Is the market for higher education working?

Posted on January 23, 2018 by

Photo of university graduates in academic gowns and holding their degree certificatesFor more than a decade, successive governments have increased the extent to which higher education functions as a market. With higher education student debts typically totalling £50,000, going to university is now one of the biggest financial decisions of a person’s life. Yet the decision is made with limited ability to know the value of the investment, and with less consumer protection than other complex products. Our recent report on The higher education market applied our Market Analytic Toolkit: for assessing public service markets and found students have insufficient help and advice, and institutions have little competitive pressure to provide best value.

Government’s role in overseeing public service markets

Higher education (HE) institutions are independent organisations, so what is government’s role in overseeing them and other public markets?

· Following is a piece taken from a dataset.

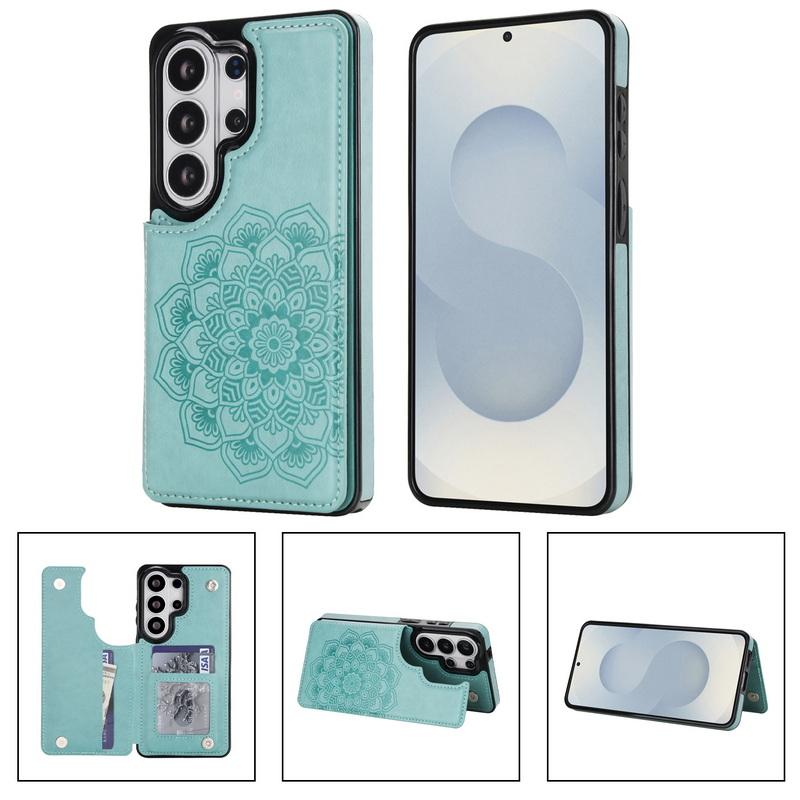 Mandala Leder Kartenhalter Rückseitige Geldbörse Hülle Für Samsung Galaxy S26 Ultra S25 Edge S24 S23 S22 Plus S21 FE A15 A16 A35 A36 A54 A55 A56 5G Abdeckung For Samsung S23 Ultra grün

There’s a broad spectrum of ‘public service markets’, as we outlined in our previous blog-post Making public sector markets work. HE sits squarely in the middle, with a mix of public and private funding, most of which now follows student choice, therefore promoting competition between providers. Key government aims for using markets to deliver public services, such as HE, are that service users act as consumers to make choices, based on knowledge of the options and their benefits, and that providers compete for consumers, which should – in principle – drive effective and efficient service delivery, better quality, and greater innovation.

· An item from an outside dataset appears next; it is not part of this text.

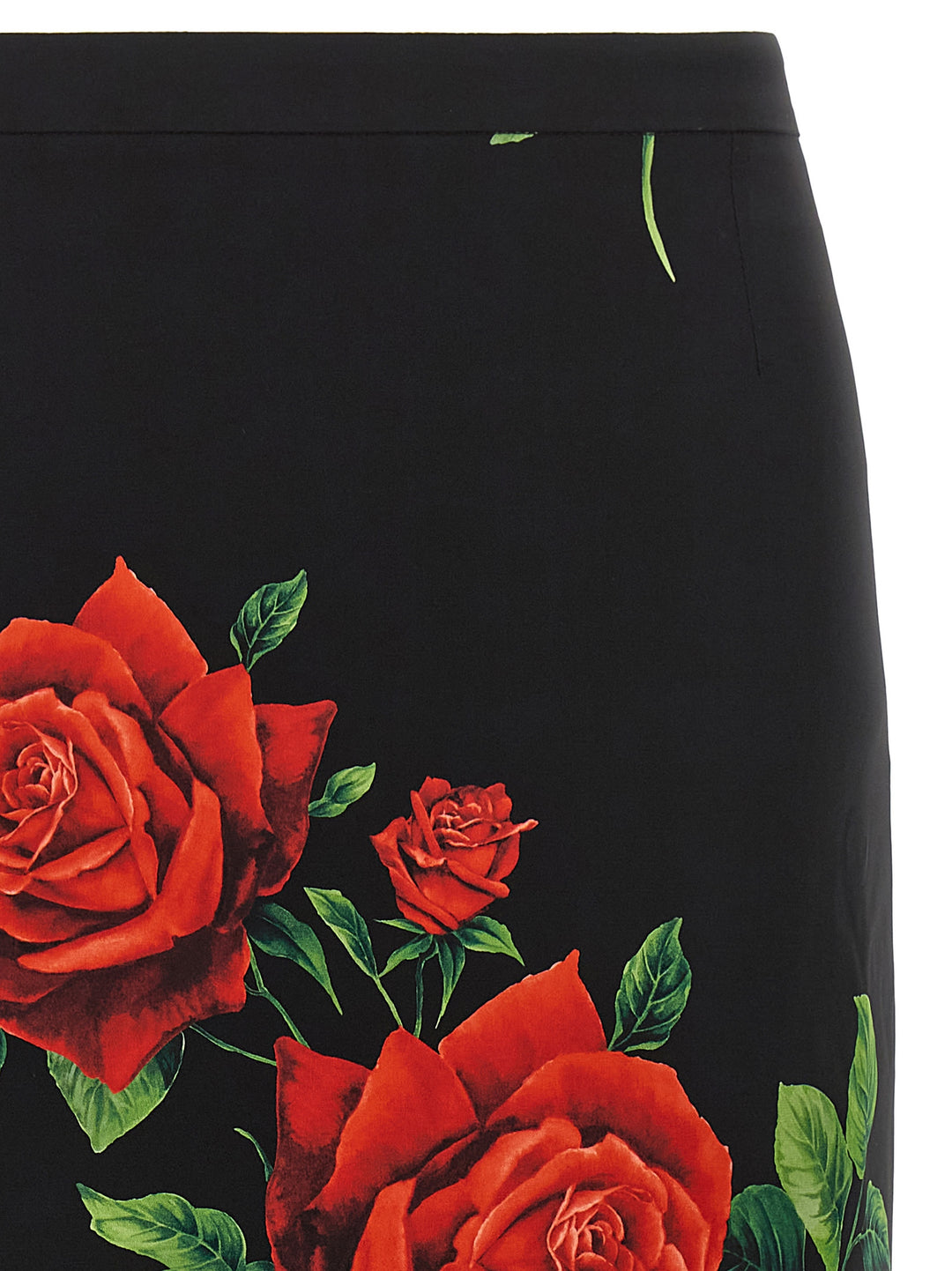 Dolce &amp; Gabbana Black Silk Midi Skirt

Government also aims to achieve social and equality objectives in public service markets. A typical private market would often struggle, or fail, to deliver equal outcomes for all groups, in particular vulnerable users. In HE, the Department for Education (DfE) attempts to make university accessible to everyone, for example, requiring providers that charge maximum fees to have ‘fair access agreements’, spending a proportion of the student fees on ways to improve participation and outcomes for under-represented groups.

But these public service market aims aren’t always achieved. Market failure can arise for a variety of reasons, often related to the common characteristics of public service markets, including the following factors, all of which are features of HE:

  • Users find it difficult to discern quality and service differences when exercising choice because the ‘product’ is complex, personalised and/or they are unlikely to purchase the service more than once in their lifetime.
  • Users struggle to make well-informed choices due to too much or too little information.
  • Users’ knowledge of the service is only discernible during, or after, ‘consumption’.
  • Users are, or feel, ‘locked in’ once the service is bought and switching provider is not considered realistic or desirable.
  • Users play an important role in co-producing the value that they derive from the service.
  • Disadvantaged groups struggle to access the services, and or have worse outcomes than other user groups.
  • It’s difficult for providers to enter the market or poorly-performing providers to exit it.

To help government oversee public service markets, we published our Market Analytic Toolkit: for assessing public service markets. We used it in our report: The higher education market, to evaluate the HE market and whether DfE intervenes effectively to correct market failures.

Is the market for HE working?

In HE, the government aims to ensure that everyone can make good choices; that they can choose from a wide-range of high quality universities; and that they benefit from excellent teaching. Since the introduction of student fees, and especially since their 2012 increase to around £9,000 per year and the removal of student number caps in 2015, the HE sector has operated increasingly as a market. There have, inevitably, been questions about whether this market is working and achieving these aims.

Using our Market Analytic we looked at the effectiveness of demand side, the supply side and the achievement of these government objectives.
On the demand side, three key aspects determine how a market is working:

The factors affecting the demand side

Two aspects we focused on are:

Students are in a potentially vulnerable position when making decisions: The decision on what and where to study, or whether to enter HE at all, is a complex and personal one, and has a significant bearing on someone’s career and earnings prospects. It involves a large financial commitment compared with alternatives (such as apprenticeships), and outcomes vary significantly between courses and providers, for example in terms of employment or earnings. Despite the vulnerable position of many prospective students, support such as careers advice is poorly targeted and doesn’t always reach those disadvantaged groups who need it most.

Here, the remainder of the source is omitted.